Could you repeat the records shown below exactly as written?

(Short web captions)
BEGIN

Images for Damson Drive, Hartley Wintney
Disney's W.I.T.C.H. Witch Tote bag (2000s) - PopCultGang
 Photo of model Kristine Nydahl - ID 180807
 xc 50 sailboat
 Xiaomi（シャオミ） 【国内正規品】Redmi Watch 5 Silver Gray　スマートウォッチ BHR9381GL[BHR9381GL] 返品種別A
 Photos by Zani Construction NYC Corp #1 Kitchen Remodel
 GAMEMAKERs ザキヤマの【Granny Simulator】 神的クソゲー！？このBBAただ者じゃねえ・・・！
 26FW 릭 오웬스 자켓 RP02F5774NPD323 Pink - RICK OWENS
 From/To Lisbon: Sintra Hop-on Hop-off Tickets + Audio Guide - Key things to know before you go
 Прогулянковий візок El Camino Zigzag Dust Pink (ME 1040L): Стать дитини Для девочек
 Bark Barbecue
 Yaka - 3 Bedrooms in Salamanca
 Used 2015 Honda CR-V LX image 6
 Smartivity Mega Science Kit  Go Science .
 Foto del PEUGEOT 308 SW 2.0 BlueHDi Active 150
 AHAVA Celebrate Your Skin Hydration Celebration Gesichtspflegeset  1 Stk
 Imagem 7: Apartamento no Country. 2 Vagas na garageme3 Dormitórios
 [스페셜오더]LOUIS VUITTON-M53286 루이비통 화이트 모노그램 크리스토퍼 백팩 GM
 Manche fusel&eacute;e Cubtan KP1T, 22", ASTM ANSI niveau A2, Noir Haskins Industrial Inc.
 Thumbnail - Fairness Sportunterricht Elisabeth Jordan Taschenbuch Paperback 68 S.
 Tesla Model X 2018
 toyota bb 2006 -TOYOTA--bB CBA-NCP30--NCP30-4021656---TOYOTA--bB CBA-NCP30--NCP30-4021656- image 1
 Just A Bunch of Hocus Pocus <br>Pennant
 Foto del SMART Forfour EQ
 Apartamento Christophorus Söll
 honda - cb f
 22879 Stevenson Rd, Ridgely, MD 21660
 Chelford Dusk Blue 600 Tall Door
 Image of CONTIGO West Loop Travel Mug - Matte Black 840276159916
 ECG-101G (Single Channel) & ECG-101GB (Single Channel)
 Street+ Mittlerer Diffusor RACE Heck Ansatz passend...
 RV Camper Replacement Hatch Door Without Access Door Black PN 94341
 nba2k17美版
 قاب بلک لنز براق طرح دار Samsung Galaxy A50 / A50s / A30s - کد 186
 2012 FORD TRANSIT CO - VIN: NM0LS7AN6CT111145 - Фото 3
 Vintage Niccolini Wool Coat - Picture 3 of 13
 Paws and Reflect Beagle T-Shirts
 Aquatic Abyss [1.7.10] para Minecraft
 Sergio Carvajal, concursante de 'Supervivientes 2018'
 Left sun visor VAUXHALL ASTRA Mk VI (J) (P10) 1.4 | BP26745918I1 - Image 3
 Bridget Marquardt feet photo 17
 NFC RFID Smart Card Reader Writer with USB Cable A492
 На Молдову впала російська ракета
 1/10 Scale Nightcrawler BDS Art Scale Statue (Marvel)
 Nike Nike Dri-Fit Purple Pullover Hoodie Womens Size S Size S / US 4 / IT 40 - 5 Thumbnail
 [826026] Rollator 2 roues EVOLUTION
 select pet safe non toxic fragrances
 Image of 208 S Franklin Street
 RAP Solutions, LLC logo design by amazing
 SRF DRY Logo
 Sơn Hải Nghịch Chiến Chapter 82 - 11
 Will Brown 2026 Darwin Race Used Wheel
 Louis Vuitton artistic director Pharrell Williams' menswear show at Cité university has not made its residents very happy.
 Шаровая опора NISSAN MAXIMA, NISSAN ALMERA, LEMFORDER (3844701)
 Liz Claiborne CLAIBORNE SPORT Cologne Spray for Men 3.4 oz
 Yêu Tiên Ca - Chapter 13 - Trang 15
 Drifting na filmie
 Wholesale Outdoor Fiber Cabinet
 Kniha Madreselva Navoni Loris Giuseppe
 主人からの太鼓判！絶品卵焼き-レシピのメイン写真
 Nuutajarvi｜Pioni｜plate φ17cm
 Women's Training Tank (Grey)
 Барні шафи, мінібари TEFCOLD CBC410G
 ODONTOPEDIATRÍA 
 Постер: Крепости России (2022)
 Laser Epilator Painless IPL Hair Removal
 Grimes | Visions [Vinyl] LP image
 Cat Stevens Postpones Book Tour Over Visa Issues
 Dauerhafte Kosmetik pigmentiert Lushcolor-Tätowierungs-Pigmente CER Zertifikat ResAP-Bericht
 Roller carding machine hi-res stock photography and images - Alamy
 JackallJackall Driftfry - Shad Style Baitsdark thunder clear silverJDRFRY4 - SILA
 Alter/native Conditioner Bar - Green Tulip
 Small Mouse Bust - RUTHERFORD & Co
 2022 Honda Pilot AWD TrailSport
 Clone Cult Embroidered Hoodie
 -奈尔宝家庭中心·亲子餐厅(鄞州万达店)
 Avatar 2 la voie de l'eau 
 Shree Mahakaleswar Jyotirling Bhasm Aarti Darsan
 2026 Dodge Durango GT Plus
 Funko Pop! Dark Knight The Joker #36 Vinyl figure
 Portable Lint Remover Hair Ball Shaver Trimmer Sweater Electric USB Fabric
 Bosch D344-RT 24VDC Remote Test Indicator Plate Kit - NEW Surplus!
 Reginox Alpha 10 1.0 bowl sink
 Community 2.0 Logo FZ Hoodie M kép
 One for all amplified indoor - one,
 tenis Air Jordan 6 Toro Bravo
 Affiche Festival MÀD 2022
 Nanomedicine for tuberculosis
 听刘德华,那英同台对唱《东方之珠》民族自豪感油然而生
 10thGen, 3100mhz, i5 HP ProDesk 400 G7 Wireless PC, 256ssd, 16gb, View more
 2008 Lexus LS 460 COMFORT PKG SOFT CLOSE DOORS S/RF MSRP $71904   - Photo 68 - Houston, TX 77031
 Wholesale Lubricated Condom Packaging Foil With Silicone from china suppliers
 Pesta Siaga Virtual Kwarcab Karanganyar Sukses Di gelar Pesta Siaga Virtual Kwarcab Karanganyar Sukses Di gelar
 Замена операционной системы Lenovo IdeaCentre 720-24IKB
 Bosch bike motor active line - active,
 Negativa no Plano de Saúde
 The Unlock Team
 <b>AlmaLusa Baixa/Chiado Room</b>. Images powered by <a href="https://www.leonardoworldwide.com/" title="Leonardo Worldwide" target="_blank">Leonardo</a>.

END

**TASK OUTPUT:**
Images for Damson Drive, Hartley Wintney
Disney's W.I.T.C.H. Witch Tote bag (2000s) - PopCultGang
 Photo of model Kristine Nydahl - ID 180807
 xc 50 sailboat
 Xiaomi（シャオミ） 【国内正規品】Redmi Watch 5 Silver Gray　スマートウォッチ BHR9381GL[BHR9381GL] 返品種別A
 Photos by Zani Construction NYC Corp #1 Kitchen Remodel
 GAMEMAKERs ザキヤマの【Granny Simulator】 神的クソゲー！？このBBAただ者じゃねえ・・・！
 26FW 릭 오웬스 자켓 RP02F5774NPD323 Pink - RICK OWENS
 From/To Lisbon: Sintra Hop-on Hop-off Tickets + Audio Guide - Key things to know before you go
 Прогулянковий візок El Camino Zigzag Dust Pink (ME 1040L): Стать дитини Для девочек
 Bark Barbecue
 Yaka - 3 Bedrooms in Salamanca
 Used 2015 Honda CR-V LX image 6
 Smartivity Mega Science Kit  Go Science .
 Foto del PEUGEOT 308 SW 2.0 BlueHDi Active 150
 AHAVA Celebrate Your Skin Hydration Celebration Gesichtspflegeset  1 Stk
 Imagem 7: Apartamento no Country. 2 Vagas na garageme3 Dormitórios
 [스페셜오더]LOUIS VUITTON-M53286 루이비통 화이트 모노그램 크리스토퍼 백팩 GM
 Manche fusel&eacute;e Cubtan KP1T, 22", ASTM ANSI niveau A2, Noir Haskins Industrial Inc.
 Thumbnail - Fairness Sportunterricht Elisabeth Jordan Taschenbuch Paperback 68 S.
 Tesla Model X 2018
 toyota bb 2006 -TOYOTA--bB CBA-NCP30--NCP30-4021656---TOYOTA--bB CBA-NCP30--NCP30-4021656- image 1
 Just A Bunch of Hocus Pocus <br>Pennant
 Foto del SMART Forfour EQ
 Apartamento Christophorus Söll
 honda - cb f
 22879 Stevenson Rd, Ridgely, MD 21660
 Chelford Dusk Blue 600 Tall Door
 Image of CONTIGO West Loop Travel Mug - Matte Black 840276159916
 ECG-101G (Single Channel) & ECG-101GB (Single Channel)
 Street+ Mittlerer Diffusor RACE Heck Ansatz passend...
 RV Camper Replacement Hatch Door Without Access Door Black PN 94341
 nba2k17美版
 قاب بلک لنز براق طرح دار Samsung Galaxy A50 / A50s / A30s - کد 186
 2012 FORD TRANSIT CO - VIN: NM0LS7AN6CT111145 - Фото 3
 Vintage Niccolini Wool Coat - Picture 3 of 13
 Paws and Reflect Beagle T-Shirts
 Aquatic Abyss [1.7.10] para Minecraft
 Sergio Carvajal, concursante de 'Supervivientes 2018'
 Left sun visor VAUXHALL ASTRA Mk VI (J) (P10) 1.4 | BP26745918I1 - Image 3
 Bridget Marquardt feet photo 17
 NFC RFID Smart Card Reader Writer with USB Cable A492
 На Молдову впала російська ракета
 1/10 Scale Nightcrawler BDS Art Scale Statue (Marvel)
 Nike Nike Dri-Fit Purple Pullover Hoodie Womens Size S Size S / US 4 / IT 40 - 5 Thumbnail
 [826026] Rollator 2 roues EVOLUTION
 select pet safe non toxic fragrances
 Image of 208 S Franklin Street
 RAP Solutions, LLC logo design by amazing
 SRF DRY Logo
 Sơn Hải Nghịch Chiến Chapter 82 - 11
 Will Brown 2026 Darwin Race Used Wheel
 Louis Vuitton artistic director Pharrell Williams' menswear show at Cité university has not made its residents very happy.
 Шаровая опора NISSAN MAXIMA, NISSAN ALMERA, LEMFORDER (3844701)
 Liz Claiborne CLAIBORNE SPORT Cologne Spray for Men 3.4 oz
 Yêu Tiên Ca - Chapter 13 - Trang 15
 Drifting na filmie
 Wholesale Outdoor Fiber Cabinet
 Kniha Madreselva Navoni Loris Giuseppe
 主人からの太鼓判！絶品卵焼き-レシピのメイン写真
 Nuutajarvi｜Pioni｜plate φ17cm
 Women's Training Tank (Grey)
 Барні шафи, мінібари TEFCOLD CBC410G
 ODONTOPEDIATRÍA 
 Постер: Крепости России (2022)
 Laser Epilator Painless IPL Hair Removal
 Grimes | Visions [Vinyl] LP image
 Cat Stevens Postpones Book Tour Over Visa Issues
 Dauerhafte Kosmetik pigmentiert Lushcolor-Tätowierungs-Pigmente CER Zertifikat ResAP-Bericht
 Roller carding machine hi-res stock photography and images - Alamy
 JackallJackall Driftfry - Shad Style Baitsdark thunder clear silverJDRFRY4 - SILA
 Alter/native Conditioner Bar - Green Tulip
 Small Mouse Bust - RUTHERFORD & Co
 2022 Honda Pilot AWD TrailSport
 Clone Cult Embroidered Hoodie
 -奈尔宝家庭中心·亲子餐厅(鄞州万达店)
 Avatar 2 la voie de l'eau 
 Shree Mahakaleswar Jyotirling Bhasm Aarti Darsan
 2026 Dodge Durango GT Plus
 Funko Pop! Dark Knight The Joker #36 Vinyl figure
 Portable Lint Remover Hair Ball Shaver Trimmer Sweater Electric USB Fabric
 Bosch D344-RT 24VDC Remote Test Indicator Plate Kit - NEW Surplus!
 Reginox Alpha 10 1.0 bowl sink
 Community 2.0 Logo FZ Hoodie M kép
 One for all amplified indoor - one,
 tenis Air Jordan 6 Toro Bravo
 Affiche Festival MÀD 2022
 Nanomedicine for tuberculosis
 听刘德华,那英同台对唱《东方之珠》民族自豪感油然而生
 10thGen, 3100mhz, i5 HP ProDesk 400 G7 Wireless PC, 256ssd, 16gb, View more
 2008 Lexus LS 460 COMFORT PKG SOFT CLOSE DOORS S/RF MSRP $71904   - Photo 68 - Houston, TX 77031
 Wholesale Lubricated Condom Packaging Foil With Silicone from china suppliers
 Pesta Siaga Virtual Kwarcab Karanganyar Sukses Di gelar Pesta Siaga Virtual Kwarcab Karanganyar Sukses Di gelar
 Замена операционной системы Lenovo IdeaCentre 720-24IKB
 Bosch bike motor active line - active,
 Negativa no Plano de Saúde
 The Unlock Team
 <b>AlmaLusa Baixa/Chiado Room</b>. Images powered by <a href="https://www.leonardoworldwide.com/" title="Leonardo Worldwide" target="_blank">Leonardo</a>.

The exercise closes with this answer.